1991, E.Jaques & S.D.Clemnt’e göre liderlik, birden çok sayıda kişiyi tüm bağlılık ve yeterlilikleriyle, ortak amaçlar doğrultusunda harekete geçirebilme ve başarıya ulaştırabilme sürecidir.

1992, W.Pagonis’e göre liderlik, insanları belli bir amacı gerçekleştirmek için uzmanlık, empati gibi aktif, önemli ve birbirleriyle bütünleşen davranışlar sergileyerek etkileyebilmektir.

1993, T.J.Kowalski & U.C.Reitzig’e göre liderlik, karmaşık ve sorunlu bir işe girişebilmektir.

1994, R.Heifetz’a göre liderlik, farklı durumlarda davranışlara, farklı anlamlar yükleyebilmektir.

1995, R.T.Ogawa & S.T.Bossert’a göre liderlik, örgüt üyelerinin etkileşim görüntülerini olaylara bağlı olarak anlamlı kılıp, şekillendirmektir.

1996, G.R.Sullivian& M.V.Harper’a göre liderlik, amaç, kültür, strateji, temel kimlikler ve kritik süreçler gibi örgütü var eden ussal ve iyi düşünülmüş eylemleri yönetmek, geleceği yaratmak ve ekip kurmaktır.

1997, K.Gallagher’e göre liderlik, tüm potansiyelleri ve isteklilikleriyle amaca ulaşma çabası sarf etmek için insanları etkileme sürecidir.

Liderlik tanımları içindeki tek sabit faktör etkileme kavramıdır.
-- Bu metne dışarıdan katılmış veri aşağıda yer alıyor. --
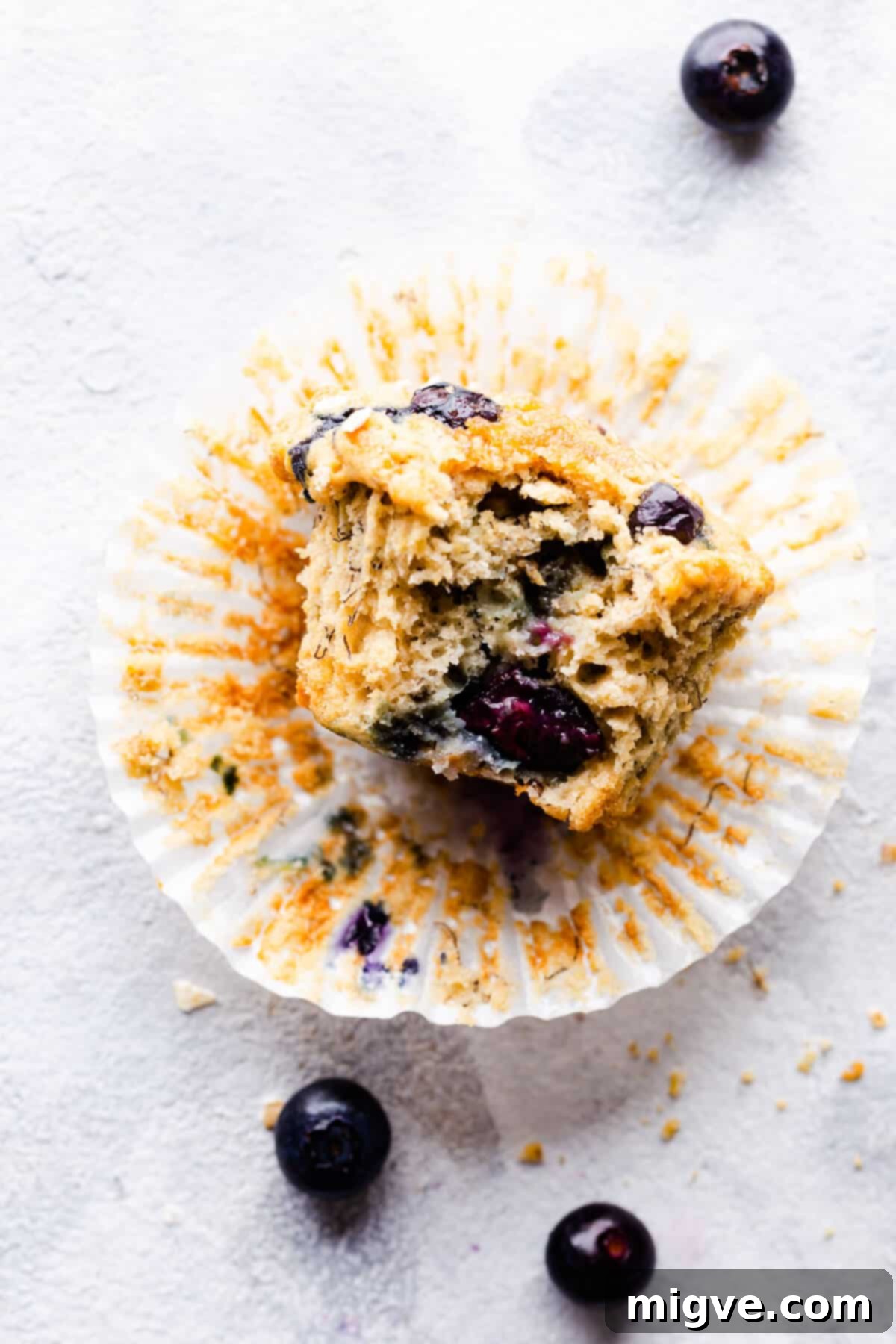 Close-up of a single banana and blueberry muffin, freshly baked and nestled in its paper case, highlighting the juicy blueberries and crunchy oat topping.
Lider, önceden belirlenen amaçları gerçekleştirmek üzere olayları tanımlayan ve yorumlayan, ilham veren, motive eden planlayan ve koçluk eden kişi olarak değerlendirilebilir(Fellis, Davidson, Perrewe ve Atay, 2009:130). Görüldüğü üzere çok farklı biçimlerde tanımlanabilen liderlik kavramı genel çerçevesi itibariyle, insanları belirli bir amaca ya da amaçlara inandırmak, onları bu doğrultuda bir araya getirmek ve onları bu yolda motive etme becerisi olarak ifade edilebilir. Lider ise, söz konusu bu beceriyi gösterebilen, içinde bulunduğu grup içindeki bireylerarası etkileşimi kullanarak bireysel çabaları uyumlaştıran ve bu doğrultuda “izlenen kişi” olma özelliğini taşıyan birey olarak tanımlanabilir(Usal ve Kuşluvan, 2006:294).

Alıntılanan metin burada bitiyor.